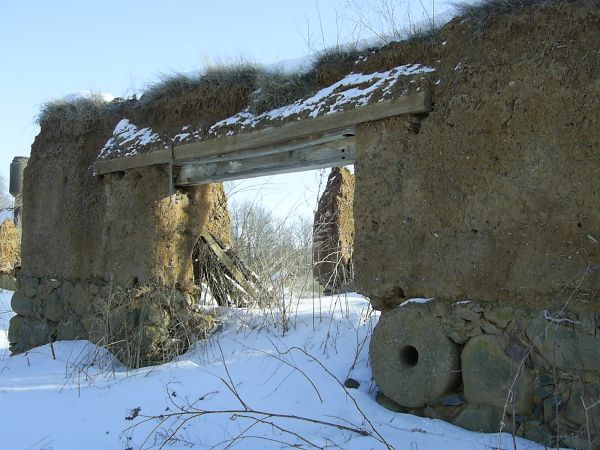  Dauble, village (Opsaŭski rural council). жернова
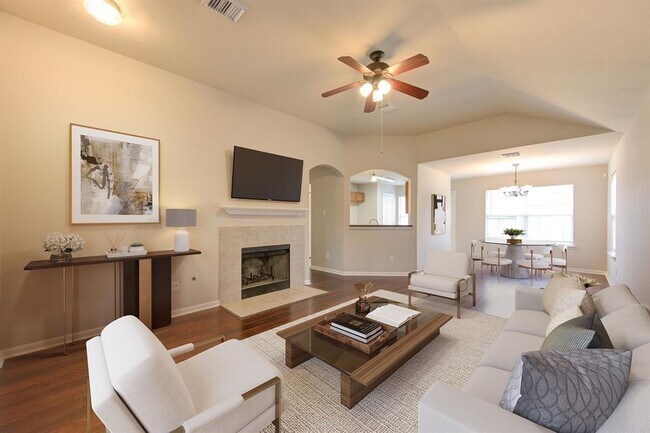 Building Photo - 15826 Sarasam Creek Ct
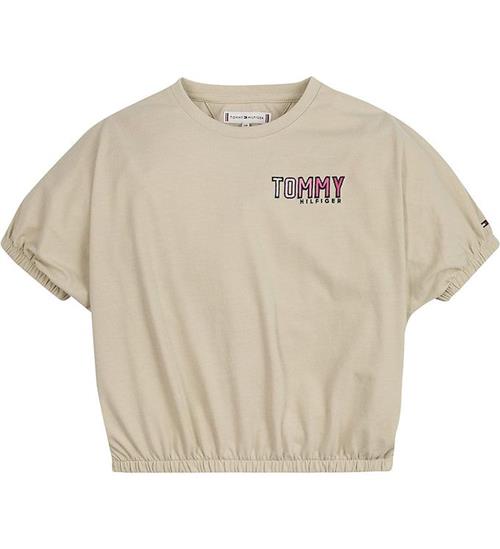 Se Tommy Hilfiger Tommy Hilfiger T-shirt - Cropped - Tommy Embro - Savannah Sand ved KidsWorld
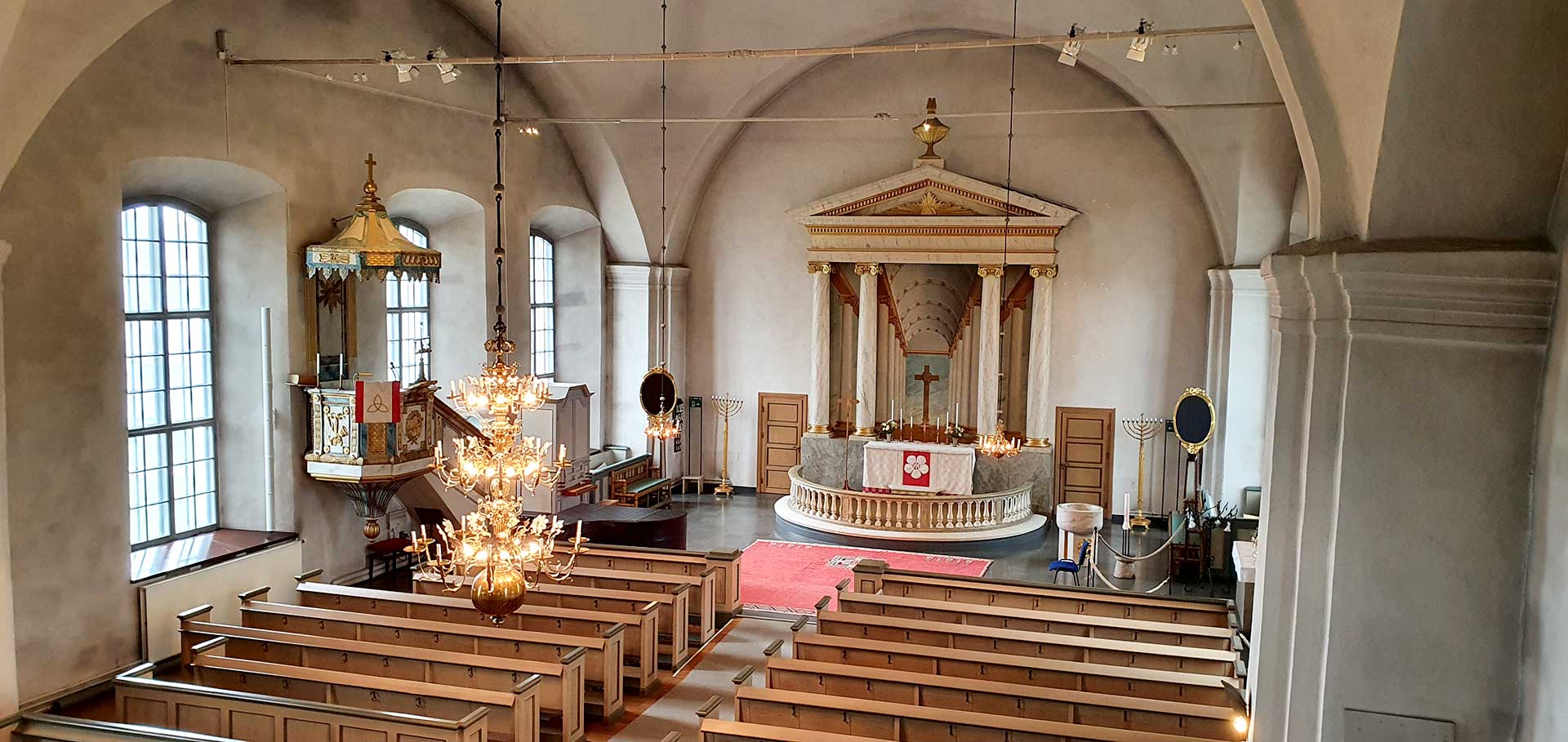 Åhls kyrka interör, altare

## Work task
Would you copy all of the data exactly? Keep the pictures out of it.

## Finished task
  Dauble, village (Opsaŭski rural council). жернова
 Building Photo - 15826 Sarasam Creek Ct
 Se Tommy Hilfiger Tommy Hilfiger T-shirt - Cropped - Tommy Embro - Savannah Sand ved KidsWorld
 Åhls kyrka interör, altare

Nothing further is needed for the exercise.